Killer fails in conviction appeal
A sadist who used a herb-cutter and a gas canister to torture and kill a pensioner has failed to get his murder conviction overturned.
A sadist who used a herb-cutter and a gas canister to torture and kill a pensioner has failed to get his murder conviction overturned.
Philip John Evans was jailed for life at Wolverhampton Crown Court in 2006 after he was convicted of murdering Joshua Miller, aged 66, in a torture session motivated by revenge. He was ordered to serve a minimum of 18 years behind bars. Evans, 38, of Osprey Drive, Dudley, and an accomplice Trevor Bate attacked Mr Miller in his home.
The attack was carried out because the victim was wrongly suspected of sexually abusing a young woman, London's Appeal Court heard.
Lord Justice Hughes – who yesterday upheld both Evans's conviction and his minimum jail term – said Evans and Bate tortured Mr Miller to death, although it was another man, Philip Richard Tolley, who orchestrated the killing.
Tolley and Bate were convicted of manslaughter for their parts in the killing, said the judge, with Tolley receiving a 12-year term.
All three men were also convicted of conspiracy to pervert the course of justice over an attempt to cover up the crime.

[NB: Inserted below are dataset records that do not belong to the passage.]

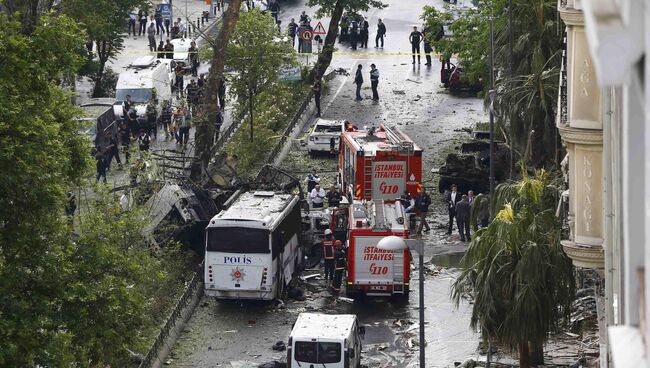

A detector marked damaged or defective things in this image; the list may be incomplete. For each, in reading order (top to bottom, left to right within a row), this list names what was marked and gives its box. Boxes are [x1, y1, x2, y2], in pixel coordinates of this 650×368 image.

damaged road surface [165, 268, 478, 368] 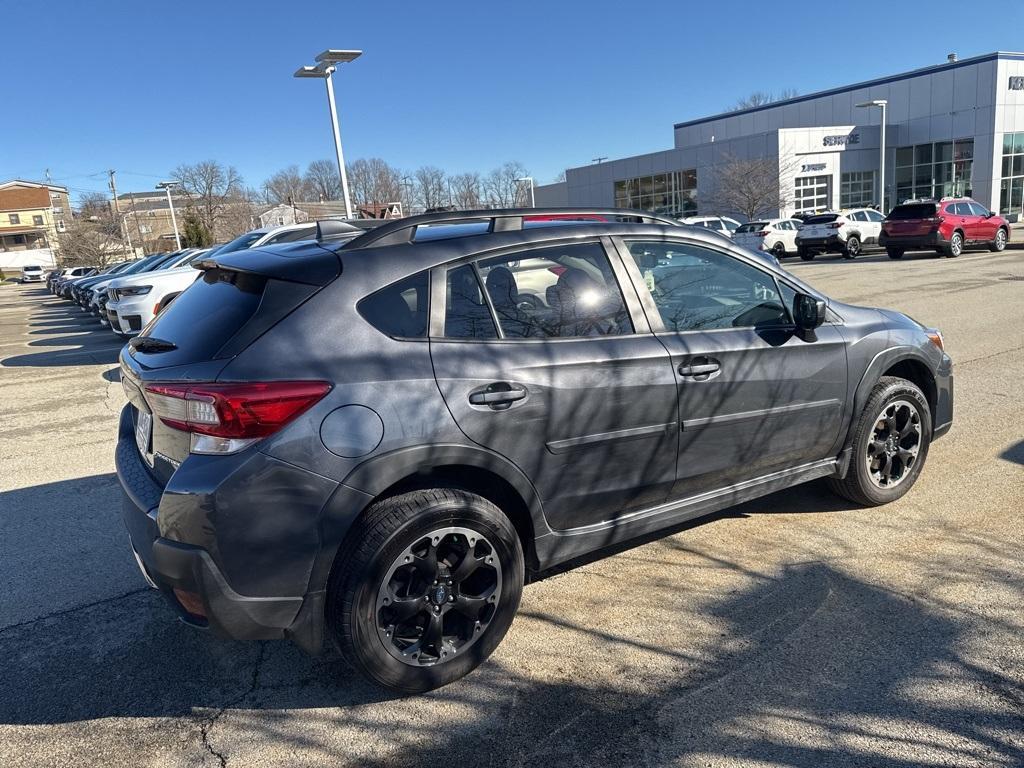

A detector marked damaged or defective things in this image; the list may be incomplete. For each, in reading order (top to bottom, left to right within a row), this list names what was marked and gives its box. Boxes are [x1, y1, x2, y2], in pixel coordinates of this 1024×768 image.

crack in pavement [197, 643, 266, 765] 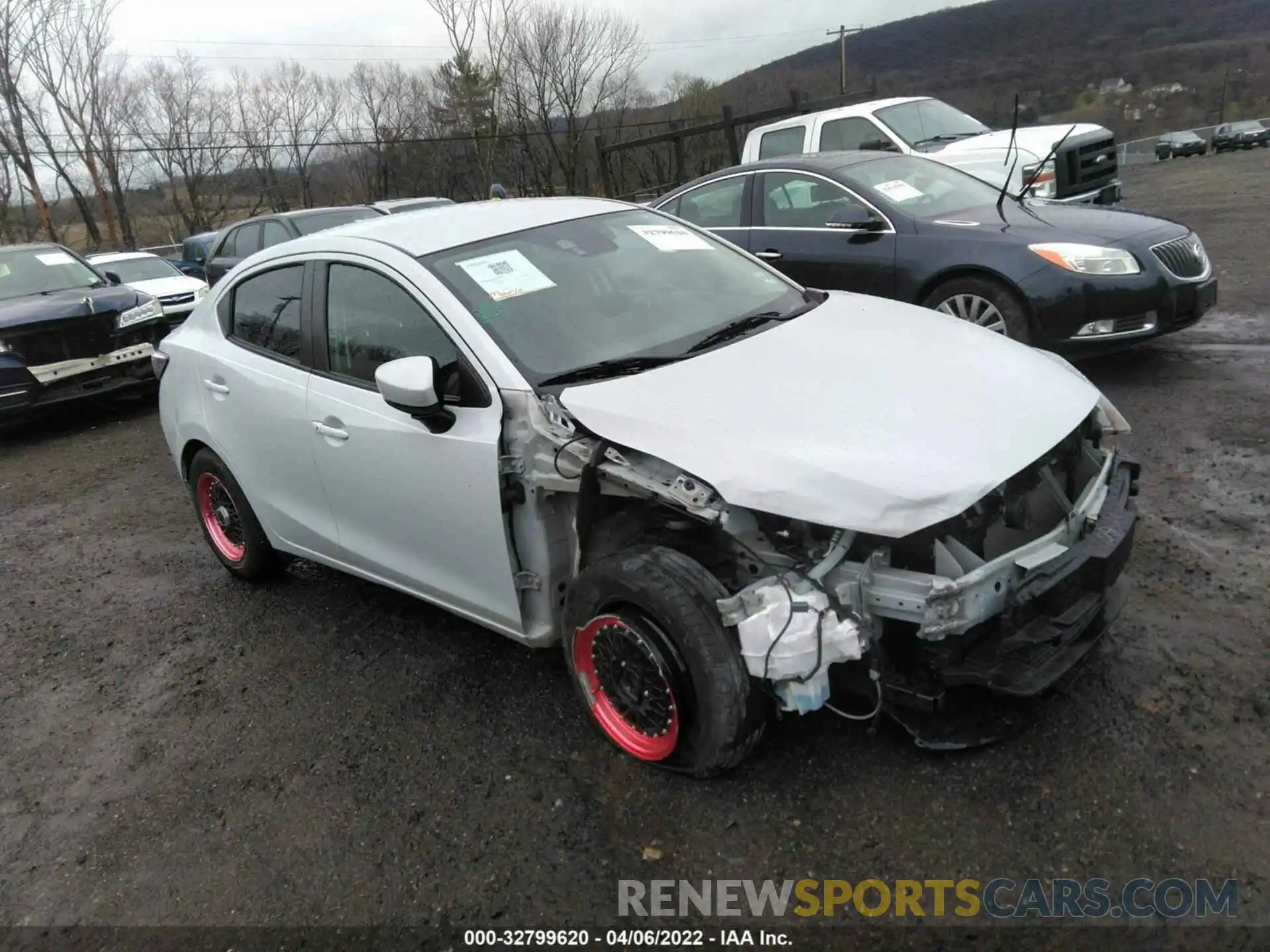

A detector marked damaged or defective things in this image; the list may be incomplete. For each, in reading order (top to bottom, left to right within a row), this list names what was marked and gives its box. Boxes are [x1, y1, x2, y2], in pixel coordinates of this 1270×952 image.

crumpled hood [937, 123, 1106, 160]
damaged silver sedan [153, 197, 1138, 777]
crumpled hood [564, 294, 1101, 539] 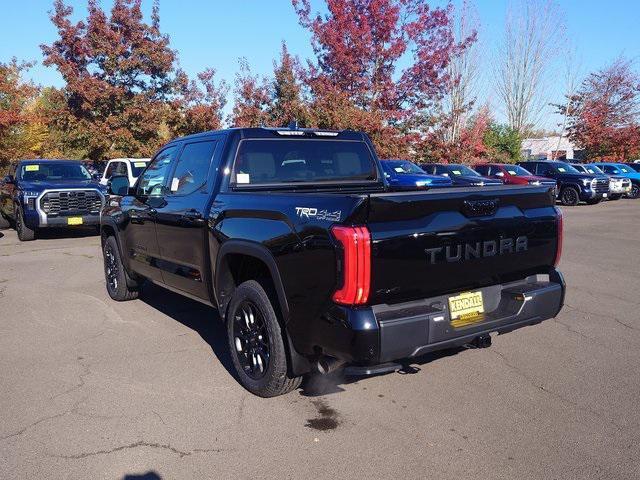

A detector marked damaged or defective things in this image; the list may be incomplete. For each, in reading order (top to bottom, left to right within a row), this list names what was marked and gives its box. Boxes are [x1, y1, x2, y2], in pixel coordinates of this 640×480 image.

Tolley also had a bid to appeal against his conviction and sentence rejected at London's Criminal Appeal Court.
Mr Miller died less than five hours after he was found, spattered with blood, in his home in Wellington Road, Dudley.
The sentencing judge said Evans had taken the lead in the attack.
Lord Justice Hughes said neither Evans nor Tolley had advanced any "arguable" grounds for appealing their convictions.
Also upholding both men's sentences, he said Tolley, 48, of Duncan Edwards Close, Dudley, had "set up" the attack on Mr Miller "for reasons of revenge" and there was nothing excessive about his 12-year sentence.
Ruling that Evans could have no complaint about his 18-year minimum term, the judge said he had carried out a "revenge attack on a vulnerable man in his own home, accompanied by torture".